Hydrocarbon streams that are treated in accordance with the present invention are preferably petroleum refinery hydrocarbon streams containing elemental sulfur, particularly those naphtha and distillate streams wherein sulfur has been picked-up when the stream is transported through a pipeline. Preferred streams are also those wherein the elemental sulfur is detrimental to the performance of the intended use of the hydrocarbon stream. The more preferred streams to be treated in accordance with the present invention are naphtha boiling range streams that are also referred to as gasoline boiling range streams.
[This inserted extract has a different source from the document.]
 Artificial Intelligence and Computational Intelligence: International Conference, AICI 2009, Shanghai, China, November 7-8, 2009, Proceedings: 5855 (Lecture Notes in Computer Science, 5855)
Naphtha boiling range streams can comprise any one or more refinery streams boiling in the range from about 10° C. to about 230° C., at atmospheric pressure. Naphtha streams generally contain cracked naphtha that typically comprises fluid catalytic cracking unit naphtha (FCC catalytic naphtha, or cat cracked naphtha), coker naphtha, hydrocracker naphtha, resid hydrotreater naphtha, debutanized natural gasoline (DNG), and gasoline blending components from other sources from which a naphtha boiling range stream can be produced. FCC catalytic naphtha and coker naphtha are generally more olefinic naphthas since they are products of catalytic and/or thermal cracking reactions. Non-limiting examples of hydrocarbon feed streams boiling in the distillate range include diesel fuels, jet fuels, kerosene, heating oils, and lubes. Such streams typically have a boiling range from about 150° C. to about 600° C., preferably from about 175° C. to about 400° C. Dialkyl ether streams may also be treated in accordance with this invention. Alkyl ethers are typically used to improve the octane rating of gasoline. Such ethers are typically dialkyl ethers having 1 to 7 carbon atoms in each alkyl group. Illustrative ethers are methyl tertiary-butyl ether, methyl tertiary-amyl ether, methyl tertiary-hexyl ether, ethyl tertiary-butyl ether, n-propyl tertiary-butyl ether, and isopropyl tertiary-amyl ether. Mixtures of these ethers and hydrocarbon streams may also be treated in accordance with this invention.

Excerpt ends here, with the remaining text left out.